Ia berhenti sejenak... kemudian melanjutkan, "Dan... dan saya tak tahu harus
berbuat apa. Saya tak tahu harus bagaimana melawan ini semua... gosip, kabar
bohong, dan kecurigaan yang tak berdasar. Bagaimana orang akan melawan atau
menyangkal yang tak pernah secara terbuka dikatakan kepadanya" Saya ini tak
berdaya... terperangkap... serta pelan-pelan dan tanpa ampun saya sedang
dihancurkan." Poirot mengangguk sambil berpikir-pikir. Katanya, "Ya. Desas-desus atau gosip
bagaikan sembilan kepala Hydra, ular penghuni Rawa Lerna, yang tak mungkin
dibasmi, sebab secepat sebuah kepala terpenggal, secepat itu pula di tempat yang
sama akan muncul dua kepala."
Dr. Oldfield berkata, "Tepat sekali. Tak ada yang bisa saya lakukan... tak ada!
Saya datang kepada Anda sebagai harapan saya yang terakhir... tetapi rasanya
Anda pun tak mungkin bisa membantu saya."
Hercule Poirot diam selama beberapa saat. Kemudian dia berkata, "Anda keliru.
Masalah Anda menarik minat saya, Dr. Oldfield. Saya ingin menguji kemampuan saya
untuk membunuh monster berkepala banyak ini. Pertama-tama, ceritakan situasi
yang menimbulkan gosip yang berbahaya ini. Istri Anda meninggal, kira-kira
setahun yang lalu. Apa penyebab kematiannya?"
"Radang lambung."
"Apakah waktu itu dilakukan autopsi?"
"Tidak. Dia telah cukup lama menderita karena ada masalah dengan lambungnya."
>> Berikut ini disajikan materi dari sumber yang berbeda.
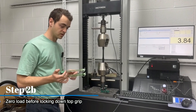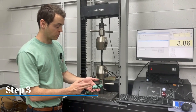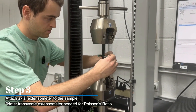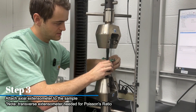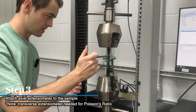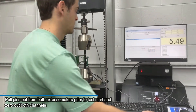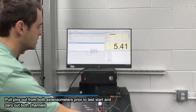Now we can go ahead and put our extensometers on. This is your axial extensometer, which you'll need per the ASTM. We also have a transverse extensometer, which is required for this customer's testing because you'll need it for your Poisson's ratio. Starting with the transverse — pull the pin out, and you can see that's locked onto the sample. Then put the axial over that, pull the pins on both, and zero out both channels. We're good to run a test now.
Poirot mengangguk. "Gejala-gejala radang lambung dan keracunan arsenikum amat mirip - suatu kenyataan
yang dewasa ini sudah menjadi pengetahuan umum. Siapa saja tahu. Dalam sepuluh
tahun terakhir ini, sekurang-kurangnya ada empat kasus pembunuhan yang
sensasional, yaitu korbannya telah dikuburkan tanpa kecurigaan dan dilengkapi
dengan surat keterangan bahwa korban meninggal karena radang lambung. Apakah
istri Anda lebih tua atau lebih muda dari Anda?"
"Dia lima tahun lebih tua."
"Berapa lama Anda menikah dengannya?"
"Lima belas tahun."
"Apakah dia meninggalkan sejumlah warisan?"
"Ya. Dia wanita yang cukup kaya. Dia mewariskan uang kira-kira 30.000 pound."
"Jumlah yang sangat besar. Itu diwariskan kepada Anda?"
"Ya." "Apakah hubungan Anda dan istri Anda baik-baik saja?"
"Tentu saja." "Tak pernah bertengkar" Tak pernah ada tindakan kasar?"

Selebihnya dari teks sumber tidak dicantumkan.